Monday, December 5, 2011

Apple Cranberry Crisp

The Holidays are a bag of mixed emotions for me. On one hand, I work really, really hard to make cakes and desserts and pies for not only my own family but yours too! I deal with customers who only want to make their Holidays perfect, but seem to take out their frustrations on me, the lowly customer service associate who is obviously only there to release their wrath onto because their pie is the most important pie in the world!

But on the other hand, the joyful, warm and happy hand…there are Christmas trees; filled with brightly colored ornaments and that particular scent of douglas fir that is only rivaled by my apple crisp coming out of the oven. There is something about baking Holiday treats for my friends and family that makes me forget about all of the stress at work, and all of the other stresses that make the December issue of any women’s magazine full of stories about “How to Get Through the Holidays Stress Free!” That will never happen, but when I take out my OriginalCinn-amon rolls on Christmas morning, I know that all the work I put into them and every other cookie, pie and cupcake I make for my friends and family will remind me how lucky I am and how much I love life.

This recipe is for my Apple Cranberry Crisp. I have been making it for many years and have put it in different variations on my menus. My boss had a really soft spot for anything with streusel on it! I use Fuji apples because they have enough structure and flavor for cooking. This is by far the best recipe for people who have an aversion to measuring because it can be sweetened, flavored and manipulated to suit your tastes. If you want to soak the cranberries in Grand Marnier before adding them to the recipe, go right ahead, if you want to scrap the cranberries and use golden raisins instead, do it! Also, the telling signs of doneness are simply bubbly filling and a browned crisp topping.

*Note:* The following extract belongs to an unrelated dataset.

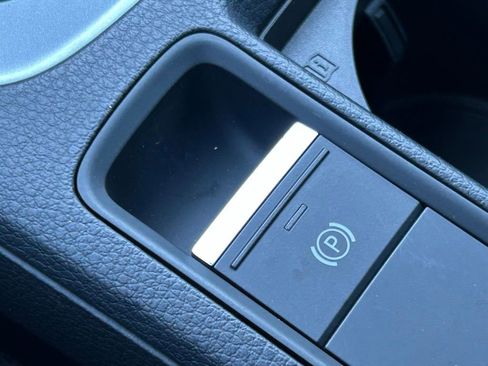 Used 2021 Audi Q3 2.0T Premium image 38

Pretty simple, huh?

The crumble or streusel is made by adding melted butter to flour, sugar and spices. The idea is getting butter to completely envelop each grain of flour, sugar and spices to form the crumble, resulting something incredibly crunchy and sweet when it is baked. You may need to add a little more butter if you use nuts or oats, but you can just use your discretion. This recipe can be added to coffee cake, muffins or pie you’d like and you will only use about half.

Apple Cranberry Crisp

6 Fuji Apples, cored and cut into 12 slices

2 Tbsp All-Purpose Flour

¼ cup Brown Sugar

¼ cup Granulated Sugar

½ Vanilla Bean, split and scraped

1 ½ tsp Ground Cinnamon

¼ tsp Fresh ground nutmeg

Zest of ¼ Orange

2 tsp Vanilla Extract

1 cup Dried Cranberries

Preheat oven to 375°

1. Mix together the flour, spices, sugar and then toss them with the apple slices.

2. Add the vanilla extract, cranberries and orange zest.

3. Place the apple mixture into a 9x9 inch glass or ceramic pan.

4. Top the apples with the crumble and bake until bubbly and brown. About 40 minutes.

Crumble Topping Makes enough for 2 Apple Crisps
3 cups AP Flour,

½ cup Sugar

½ cup Brown Sugar

½ cup Nuts or Oats (optional)

½ tsp Cinnamon

¾ tsp Salt

8oz. Butter, Melted

1. Mix all dry ingredients until well combined.

2. Add the melted butter slowly, combining the dry ingredients until small marble sized balls form. Tossing gently with your hands as opposed to mixing with a spoon or spatula will form a crumble.